Он был невысок и очень худ словно недавно перенес тяжелую болезнь, впрочем именно так он выглядел каждый раз, когда начинала расти алая луна. Внешность его была бы совершенно невзрачной и даже заурядной, если бы не глаза. Они выдавали в нем кого-то иного, совсем не того, кем он мог или хотел показаться на первый взгляд, а еще по ним можно было прочитать его истинный возраст. Или скорее истинное отсутствие какого-либо возраста вообще. Пожалуй, ни одна вещь на свете не могла так сильно не соответствовать его внешнему виду, как свет его зеленых глаз. В серо-зеленых радужных кругах, обращенных теперь на Лилею, плескалось нечто необъяснимое, сильное и древнее, как все существовавшие когда-либо поверья людей, вся их вера, все опасения и тревоги, все суеверия, пороки и радости. И еще там была пустота. Абсолютная пустота. Готовность жить и погибнуть в любое возможное мгновение.
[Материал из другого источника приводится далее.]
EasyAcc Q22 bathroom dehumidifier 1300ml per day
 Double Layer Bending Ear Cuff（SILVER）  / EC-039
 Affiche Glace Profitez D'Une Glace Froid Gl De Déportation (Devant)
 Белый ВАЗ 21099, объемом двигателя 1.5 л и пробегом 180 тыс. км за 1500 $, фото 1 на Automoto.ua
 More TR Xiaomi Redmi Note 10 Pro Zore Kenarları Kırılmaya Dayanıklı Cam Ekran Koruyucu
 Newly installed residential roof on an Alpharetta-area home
И больше там не было совсем ничего, ничего, что могло бы делать его человеком. Потому что на самом деле он им не являлся уже очень и очень давно. В его повадках и манере держаться, в каждом самом незначительном движении и сказанном слове подспудно чувствовалась даже не сила, а истинное безграничное могущество Бога. Им веяло от него за сотни парселей кругом и не почувствовать это было попросту невозможно ни единому живому существу на земле.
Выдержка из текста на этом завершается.